Gewijzigd amendement van het lid Paternotte c.s. ter vervanging van nr. 49 over het verhogen van de belasting op leidingwater en de BTW op sierteelt ter dekking van de 0%-rente op studieleningen
Wijziging van enkele belastingwetten en enige andere wetten (Belastingplan 2024)
Amendement (gewijzigd/nader/vervangend)
Nummer: 2023D44303, datum: 2023-10-25, bijgewerkt: 2024-02-19 10:56, versie: 2
Directe link naar document (.pdf), link naar pagina op de Tweede Kamer site, officiële HTML versie (kst-36418-92).
Gerelateerde personen:- Eerste ondertekenaar: J.M. Paternotte, Tweede Kamerlid (D66)
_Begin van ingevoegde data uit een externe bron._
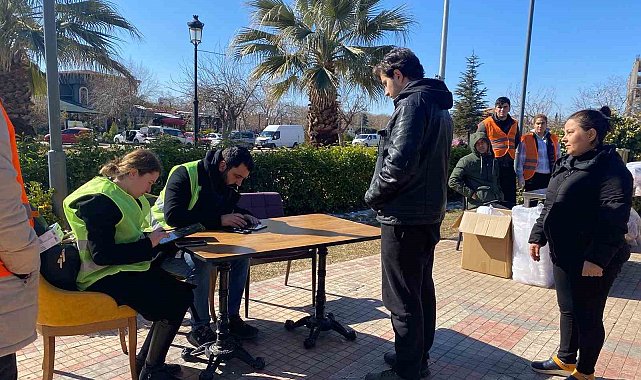 Büyükşehir, e- devlet hasar tespit sonuçları için bilgilendirme masaları kurdu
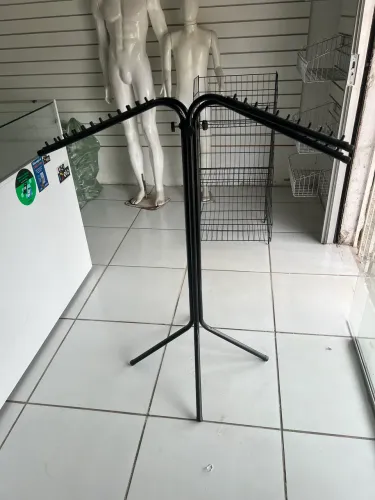 Para colocar camisas
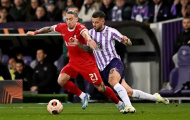 Hóa “hố đen” hàng thủ, sao Liverpool nhận cơn thịnh nộ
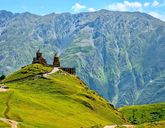 Gruzja, Armenia - spod szczytów Kaukazu w doliny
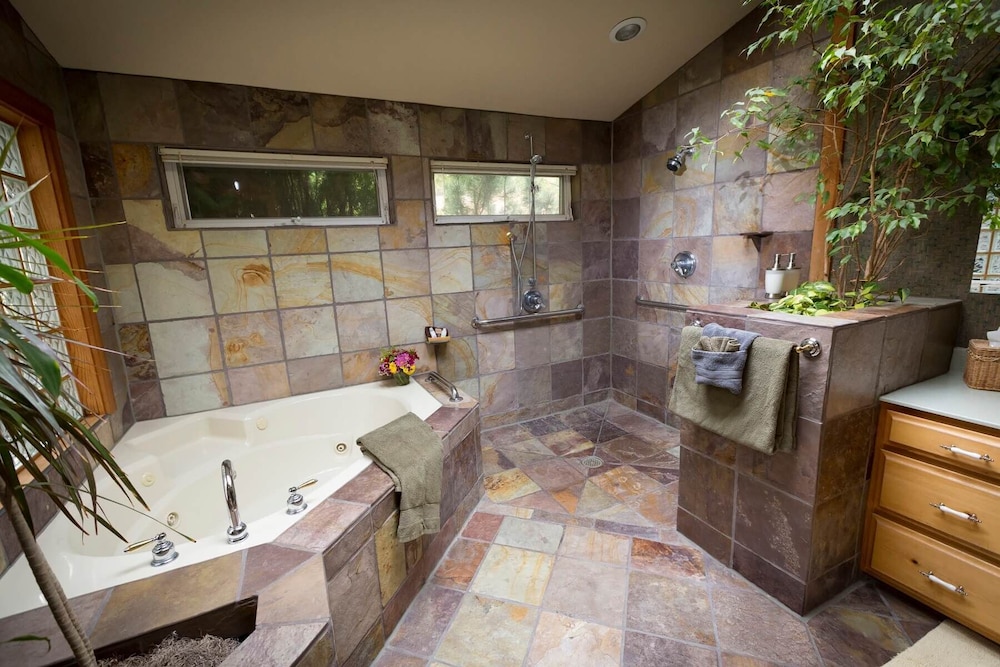 Ashland Vacations - Country Willows Inn and Estate - Property Image 26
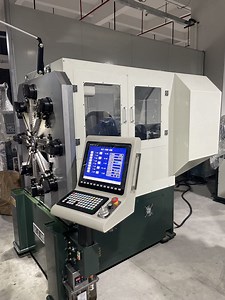 [Hot Item] Dongzheng Hsm-CNC45 Good-Rigidity Spring Coiling Machine for Oil Seal Garter Spring Product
- Mede ondertekenaar: J.M.P. van der Laan, Tweede Kamerlid (Ooit D66 kamerlid)
- Mede ondertekenaar: M.Ö. Alkaya, Tweede Kamerlid (Ooit SP kamerlid)
- Mede ondertekenaar: S.P.R.A. van Weyenberg, Tweede Kamerlid (Ooit D66 kamerlid)
- Mede ondertekenaar: J.P. Kwint, Tweede Kamerlid (Ooit SP kamerlid)
Onderdeel van kamerstukdossier 36418 -92 Wijziging van enkele belastingwetten en enige andere wetten (Belastingplan 2024).
Onderdeel van zaak 2023Z18360:
- Indiener: J.M. Paternotte, Tweede Kamerlid
- Medeindiener: J.M.P. van der Laan, Tweede Kamerlid
- Medeindiener: J.P. Kwint, Tweede Kamerlid
- Medeindiener: M.Ö. Alkaya, Tweede Kamerlid
- Medeindiener: S.P.R.A. van Weyenberg, Tweede Kamerlid
- Voortouwcommissie: TK
- 2023-10-26 00:20: Einde vergadering: STEMMINGEN (Stemmingen), TK
Preview document (🔗 origineel)
Tweede Kamer der Staten-Generaal | 2 |
Vergaderjaar 2023-2024 |
36 418 Wijziging van enkele belastingwetten en enige andere wetten (Belastingplan 2024)
Nr. 92 GEWIJZIGD AMENDEMENT VAN HET PATERNOTTE C.S. TER VERVANGING VAN DAT GEDRUKT ONDER NR. 49
Ontvangen 25 oktober 2023
De ondergetekenden stellen het volgende amendement voor:
I
In artikel XVI wordt «en 46» vervangen door «, 46 en 48».
II
Na artikel XXIV wordt een artikel ingevoegd, luidende:
ARTIKEL XXIVa
De Wet belastingen op milieugrondslag wordt met ingang van 1 januari 2025 als volgt gewijzigd:
A
In artikel 12, eerste lid, onderdeel h, wordt na «afzonderlijke watervoorziening,» ingevoegd «onderscheidenlijk als exploitant van een voor het publiek toegankelijke plaats welke is ingericht om te worden gebruikt voor het zwemmen, anders dan in oppervlaktewater,».
B
Artikel 14 wordt als volgt gewijzigd:
1. In het eerste lid vervalt «, met dien verstande dat de belasting wordt geheven over een hoeveelheid van maximaal 300 kubieke meter per verbruiksperiode van twaalf maanden per aansluiting. Bij een verbruiksperiode korter dan wel langer dan twaalf maanden wordt de hoeveelheidsgrens, genoemd in de eerste volzin, naar evenredigheid verlaagd, onderscheidenlijk verhoogd».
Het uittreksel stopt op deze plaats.